This appeal involves a dispute which is before this court for the second time. It arose first during the settlement of the estate of George Bernhard, deceased, in the St. Joseph Circuit Court, on a judgment of that court to the effect that the residue of the estate of the deceased passed under the sixth item of his will to the appellee, South Bend Old People’s .Home, Inc., and that the appellants, The Ebenezer Old People’s Home of the Evangelical Association, Ebenezer Orphan Home of the Evangelical Church, and the Western Old People’s Home of the Evangelical Church, and one Haven-Hubbard Home were not entitled to the residue.
It appears that George Bernhard, an old resident of the city of South Bend, died there, testate, on December 8, 1926. His last will and testament was probated in the St. Joseph Circuit Court on December 15, 1926. Item sixth of his will reads as follows:
*638“In the event there is an institution in the city of South Bend at the time of my death or within two years after the time of my death, which has for its purposes of its existence the maintenance of a home for old people irrespective of their religious beliefs upon at least a partial charitable basis then I desire and direct my said executor to turn all the rest and residue of the property of which I may die to said institution.
“In the event, however, there be no such institution located within the said city of South Bend at the time of my death or within two years thereafter then I give, devise and bequeath all the rest and residue of the property of which I may die seized equally between ‘Ebenezer’s Old People’s Home of the Evangelical Association’ of Ebenezer, New York, and ‘The Ebenezer Orphans’ Home of the Evangelical Association,’ located at Flat Rock, Seneca County, State of Ohio, and ‘The Western Old People’s Home of the Evangelical Association’ located at Cedar Falls, Iowa.

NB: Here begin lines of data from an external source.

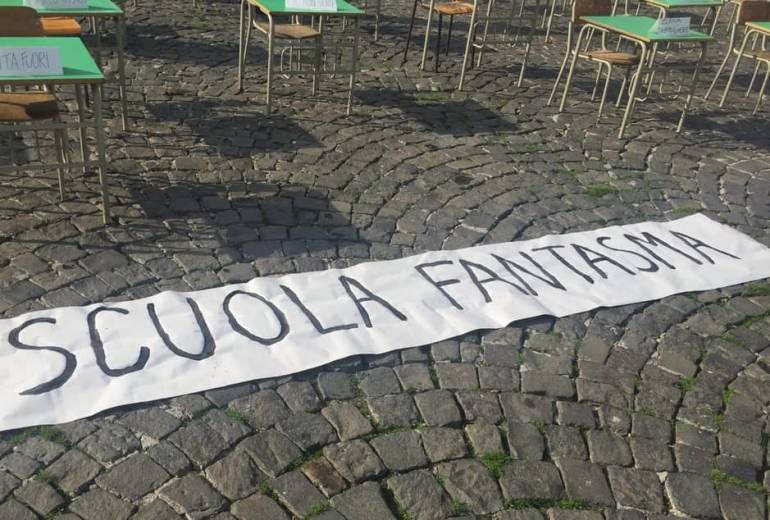 i consigli di istituto chiedono la riapertura di tutte le scuole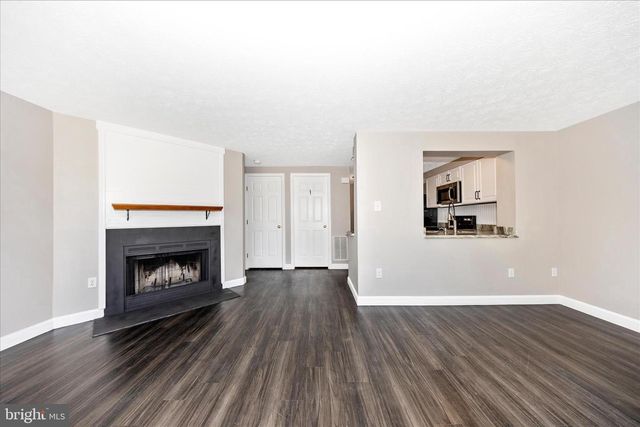 572 HOLLYBERRY WAY, Frederick, MD 21703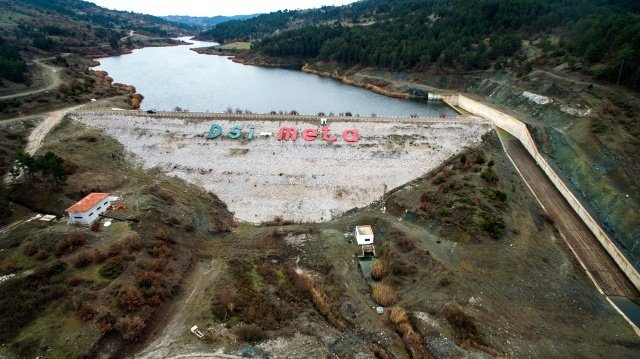 16,5 km boru döşendi.

Genel Müdür Yıldız,’ Tarım ve Orman Bakanımız Sayın Dr. Bekir Pakdemirli’nin Gördes ziyaretinde 2021 yılı içerisinde tamamlama sözü verdiği proje kapsamında 16 bin 500 metre boru döşendi. 341 hidrant yapısı imalatı tamamlandı. Ayrıca 1 pompa binası, 1 de regülasyon deposu inşa edildi.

Said funds so going to the said respective institutions to become a perpetual fund for said institutions of which the interest thereof shall be used as the officers of said institution may see fit for the good of their respective institutions.”
Albert Bernhard was designated in this will to be the executor thereof, and letters testamentary were issued to him by said court. He proceeded at once to administer the estate and when, in the course of the administration, it became apparent that the residue of the estate was considerable, being approximately $50,000.00, in cash and securities taken at their then value, executor and the following filed their several petitions: The South Bend Home, the three Ebenezer Homes, and the Haven-Hubbard Home. By each petition, except that of the executor, the petitioner, or petitioners, prayed for an order of the court directing the executor to pay and deliver to it, or to them, as the case may be, the residue of the estate. The petition of the executor alleged that the South Bend Old People’s Home, Inc., and the Haven-Hubbard Home each had filed its petition for an order *639directing him to pay and deliver the residue of the estate to it, and that he did not know which, if either, of these petitioners was entitled to such residue and that if neither was entitled to it, and no other institution in the city of South'Bend made claim to the residue on or before December 9, 1928, that it would be necessary for him to turn over such residue to the three Ebenezer Homes according to the directions contained in the will. The petition of the Ebenezer Homes asked that the residue of the estate be paid to them as provided in Item VI of said will.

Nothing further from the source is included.